Cycling: Boardman sweeps the new boards: Richard Williams reports on the inaugural competition at a pounds 9m velodrome

IN FRANCE and Italy you see bank managers and architects out on their racing bikes on sunny Sunday mornings, sheathed in Dayglo Lycra and burning up the asphalt, their heads full of boyhood dreams of Anquetil and Coppi. To the British, by contrast, cycle racing is a sport that belongs to frosty dawns on the Doncaster by-pass. In that context, yesterday's inaugural meeting at the pounds 9m Manchester velodrome offered a rare opportunity to invest the sport with a little glamour. A little, but not too much.

While the great names of contemporary cycling - Bortolami, Chiappucci, Fondriest, Millar, Mottet, Hampsten and Ugrumov - were gathering in the royal park of Monza for the start of the 88th Giro di Lombardia, the last classic road race of the European season, drizzly Manchester played host to Ghijselinck, Stirratt, Rozendaal, Whitcombe and De Peuter: a scratch collection of 50- odd riders from eight nations competing in a varied programme of sprints, pursuits, keirins, points races and devil- take-the-hindmosts. Denmark, who replaced Italy at three days' notice, eventually won the competition, with Britain and France in joint-second place.

Conceived as part of Manchester's bid for the 2000 Olympic Games, the velodrome went ahead despite the failure of that venture. Now, operating under the title of the National Cycling Centre and run by the British Cycling Federation on behalf of the Sports Council, it will host the World Track Championships in 1996.

Built on the site of the old Stuart Street power station, the new stadium is quite a thing of beauty. The track, 250 metres of pale blond Baltic pine strips, banked at 12.5 degrees on the straights and 42 degrees on the curves, is encased in a dramatic oyster-shaped shell, with a fine lattice-work aluminium roof. It is Britain's first indoor velodrome, and to help pay the bills its central floor will provide facilities for other sports, including basketball and table tennis.

Unsurprisingly, its ambience is modern and antiseptic, far from the ramshackle pastis- and-Gauloises mood of the old continental indoor tracks which host the winter six-day races. Perhaps it will never acquire such an atmosphere - but the organisers could make a start by providing decent catering facilities. A few curling cheese sandwiches, chocolate bars and cans of Coke offered a poor welcome to families who had paid pounds 10 a head for this inaugural gala.

The big attraction at yesterday's meeting was Chris Boardman, Britain's gold medal winner in the 4,000m pursuit at the 1992 Olympics and at this year's world championships in Palermo. In what was billed as a 'revenge match', Boardman faced Francis Moreau, the French rider who took the silver in Sicily. Still recovering from a virus which forced him out of a time trial on Merseyside last Sunday, the Englishman lost more than two seconds to his Gan team-mate over the first quarter of the race, both of them whirring round on the revolutionary carbon-framed Lotus bicycles. But the world champion's strength told, and with two laps to go, the rainbow jersey took the lead, thrusting his black machine past the finishing gun with an advantage of 2.1sec.
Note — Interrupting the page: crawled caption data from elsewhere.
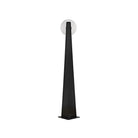 Roy Floor Lamp-7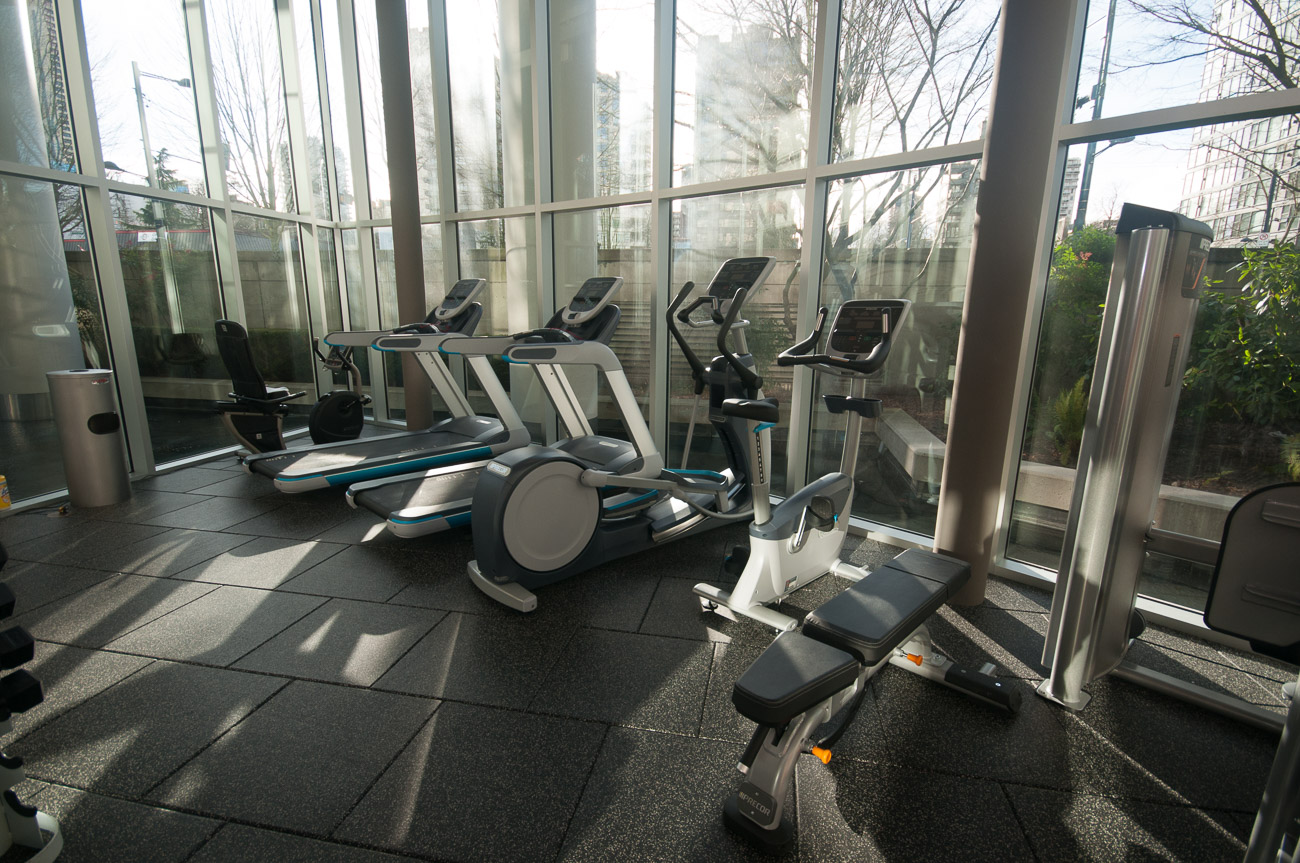 1680 Bayshore Drive - Amenity Photo 3 of 7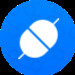 The Startup Plug Admin
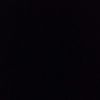 isim.mm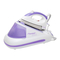 Planchas de Ropa Bestron EASY HOME AST9000 Manual Del Usuario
Boardman had been swept along by waves of applause from the stands. The velodrome holds 3,500 spectators, and there were perhaps 300 empty seats yesterday, although the president of the BCF had taken the precaution of selling the stadium's specially constructed press seats to the public - a novel form of public relations.

The velodrome is about five miles from the site of the old Fallowfield stadium, once owned by Reg Harris, whose bronze statue, overlooking the track's south curve, was unveiled by his widow midway through the afternoon. Born in nearby Bury, and a hero to rank with Denis Compton, Stanley Matthews and Stirling Moss in the minds of Eagle- reading schoolboys of the 1950s, Harris had been wounded in a tank battle in the Western Desert before becoming the world amateur sprint champion in 1947. The following year he recovered from a broken neck in a car crash to win two silver medals at the London Olympics, after a row with the British team authorities when he quit their Herne Hill training camp to prepare on his own at Fallowfield. Leaving the amateurs behind for good, he won the world professional sprint champion four times between 1949 and 1954.

A man of legendary independence, Harris later made one of the most extraordinary comebacks in British sporting history, winning the national sprint title in 1974, at the age of 54. He died in Macclesfield two summers ago, a few days after his final bike ride.

The statue, by James Butler RA, is a marvellously evocative piece of work, worth a visit in its own right. No doubt the BCF is hoping that the effigy will bestow good fortune upon a fine facility which is going to need all the luck it can get if it is to prosper in what, for all Harris's and Boardman's medals, remains an alien culture.